Regression tracking: state of the union early 2024

Jan 9, 2024 · 7 min read · regzbot regressions Linux kernel ·

[Posted the text on the regressions list as well: https://lore.kernel.org/all/7613e402-894a-4d38-8cef-7263630c1c57@leemhuis.info/; if you want to comment on it, please reply there.]

The long story short

I'm not really happy with my performance wrt to my regression tracking efforts during the last year. To counter that, I've already shifted my focus somewhat ~in October. With the new year I will shift it some more. Top-priority will be "make regzbot more useful for kernel subsystem maintainers" from now on. My tracking efforts of course will continue, but everything except regressions in the current and the previous mainline cycle might not see much attention from my side. This refocusing also means that I won't work much on resolving some ambiguities around "how regressions are supposed to be handled" which lead to tension quite a few times. But all that should be for the best in the long term.

The details

Looking back at 2023

My regression tracking efforts with regzbot still have a circus factor of "one": if I'd run off and join a circus tomorrow, it's likely that nobody would continue my work. That needs to change to make regression tracking successful in the long term. I'm very well aware of that, nevertheless when I look back at last year I think some of my efforts on regression tracking worked against my goal to establish regression tracking properly within the Linux kernel development process.
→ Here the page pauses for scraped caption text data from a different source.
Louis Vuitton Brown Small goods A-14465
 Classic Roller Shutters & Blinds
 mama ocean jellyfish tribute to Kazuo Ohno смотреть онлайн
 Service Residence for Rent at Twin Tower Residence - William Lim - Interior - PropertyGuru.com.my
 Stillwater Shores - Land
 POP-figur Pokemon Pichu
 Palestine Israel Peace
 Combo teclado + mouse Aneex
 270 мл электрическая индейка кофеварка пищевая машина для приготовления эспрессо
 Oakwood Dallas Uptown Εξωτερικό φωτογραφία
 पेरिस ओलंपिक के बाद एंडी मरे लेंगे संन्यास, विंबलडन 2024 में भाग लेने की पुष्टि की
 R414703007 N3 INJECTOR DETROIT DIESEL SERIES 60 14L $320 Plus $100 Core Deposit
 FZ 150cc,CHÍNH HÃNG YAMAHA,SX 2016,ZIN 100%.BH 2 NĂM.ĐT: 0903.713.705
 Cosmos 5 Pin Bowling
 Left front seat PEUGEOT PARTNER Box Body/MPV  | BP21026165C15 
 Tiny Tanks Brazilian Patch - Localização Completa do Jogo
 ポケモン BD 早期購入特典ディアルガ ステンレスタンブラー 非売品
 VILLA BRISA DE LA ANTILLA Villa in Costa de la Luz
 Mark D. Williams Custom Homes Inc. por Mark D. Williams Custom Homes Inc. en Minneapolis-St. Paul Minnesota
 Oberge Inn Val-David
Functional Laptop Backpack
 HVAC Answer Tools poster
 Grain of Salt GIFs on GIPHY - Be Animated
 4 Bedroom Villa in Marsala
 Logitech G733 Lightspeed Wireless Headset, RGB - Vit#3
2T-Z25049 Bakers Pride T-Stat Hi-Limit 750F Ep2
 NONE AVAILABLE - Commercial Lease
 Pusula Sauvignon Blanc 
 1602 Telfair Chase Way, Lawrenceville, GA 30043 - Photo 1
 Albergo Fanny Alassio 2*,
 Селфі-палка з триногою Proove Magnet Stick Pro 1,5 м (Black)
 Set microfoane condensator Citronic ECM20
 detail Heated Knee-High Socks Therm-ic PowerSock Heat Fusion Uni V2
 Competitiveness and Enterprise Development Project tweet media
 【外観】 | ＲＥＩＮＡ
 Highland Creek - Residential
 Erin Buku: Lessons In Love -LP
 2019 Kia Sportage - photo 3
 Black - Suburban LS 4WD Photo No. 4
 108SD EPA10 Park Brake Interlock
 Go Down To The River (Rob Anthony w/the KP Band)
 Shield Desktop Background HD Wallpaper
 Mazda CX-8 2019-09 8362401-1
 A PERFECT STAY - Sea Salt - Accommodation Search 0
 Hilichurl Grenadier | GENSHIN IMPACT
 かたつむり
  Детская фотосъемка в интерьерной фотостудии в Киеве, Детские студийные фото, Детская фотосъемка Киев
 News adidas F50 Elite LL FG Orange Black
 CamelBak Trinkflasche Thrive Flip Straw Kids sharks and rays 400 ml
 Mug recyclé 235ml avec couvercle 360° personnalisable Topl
That's why I'm not really happy with my performance last year. That does not mean that I'm totally unhappy with it, as my work made a difference. But in the end I might have set the wrong priorities sometimes. Most importantly in these cases:

I got into too many debates with developers when I thought a particular regression was not handled appropriately. Sometimes I was right, occasionally I was wrong (or even stupid, as I'm just human :-/ ) – and most of the time it was in the big gray area in between, where your point of view and your understanding of how Linus wants regressions to be handled decides which of the two it is.
I should have intervened way earlier in public when volunteers tried to help with regression tracking, but did so in ways that annoyed developers (which was totally understandable).
I should have spent more time improving regzbot. But I did not due to lack of time and some tasks that are energy drainers. Some of them:

Skimming lists and bugzilla for regression reports to track takes a whole lot of time.
I spend a lot of time following up on tracked regression reports, because they from my understanding of what Linus wants were not handled well.
I had to spend a lot of time following up on regression reports I or somebody else added to the tracking, as developers often forget Link: or Closes: tags pointing to the report.

When I found time to work on regzbot I'm not sure if I worked on the right features. That's because I spend most of that time on code to support tracking regressions submitted on gitlab instances or github, as without it regzbot is unable to track regressions reported for the DRM and SOF subsystems or things ClangBuiltLinux finds. This work will also improve the rough bugzilla support, which is crucial if bugzilla gets used in the way Konstantin envisions it. These changes furthermore renovate a few really ugly parts in the regzbot code (written in its early days when I was getting into programming), which is wise to do before implementing some other important features.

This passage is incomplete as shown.